Iran Threatens To Close Strait Of Hormuz If US Blocks Its Oil Exports
Courtesy of Zero Hedge
With oil surging to a six month high after a now confirmed report that Trump will not reissue Iranian oil export waivers after they expire on May 2, removing up to 1 million barrels from the market…
… Tehran has gone on the offensive and on Monday a senior Iranian military official said the Islamic Republic will close the Strait of Hormuz if it’s prevented from using it, the state-run Fars news agency reported.
“The Strait of Hormuz based on international law is a waterway and if we are prevented from using it, we will close it,” Fars reported, citing Alireza Tangsiri, head of the revolutionary guards navy force.
To be sure, this is not the first time Iran has made such a threat: back in December Iran warned it would close the global oil chokepoint, when it said that "if someday, the United States decides to block Iran’s oil (exports), no oil will be exported from the Persian Gulf."

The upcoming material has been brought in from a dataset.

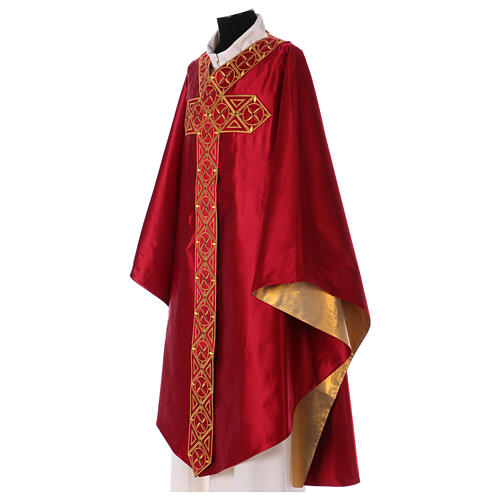 Chasuble gotique 100% pure soie broderie sur bande centrale 11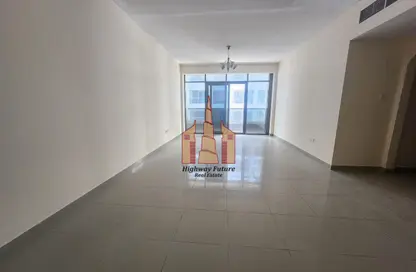 شقة - 2 غرف نوم - 3 حمامات للايجار في برج صحارى 3 - مجمع صحارى - النهدة - الشارقة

President Rouhani's December threat had been welcomed by hardline clerics and military officials, including Gen. Qassem Soleimani, the commander of the Revolutionary Guard’s elite Quds Force.
Previously, in early November, a prominent hardline cleric told a Friday prayer gathering in Mashhad, considered Iran's spiritual capital, that Iran has the power to "instantly" create conditions for $400 a barrel oil prices if it decides to act in the Persian Gulf. Shia cleric Ayatollah Ahmad Alamolhoda grabbed headlines at the time by declaring, "If Iran decides, a single drop of this region's oil will not be exported and in 90 minutes all Persian Gulf countries will be destroyed."
The Strait of Hormuz is a narrow waterway carrying a fifth of the world’s traded oil that Iranian officials have threatened to block in retaliation for sanctions targeting the country’s nuclear program.
The U.S. has said it would move to stop any Iranian attempt to block the waterway.
As such, if Trump is indeed serious about not renewing Iran's export waivers, it may launch a sequence of events that culminated with regional war that pits Iran against the US, Israel, and Saudi Arabia. Whether or not Russia and China back Iran could mean the difference between a localized conflict and World War III.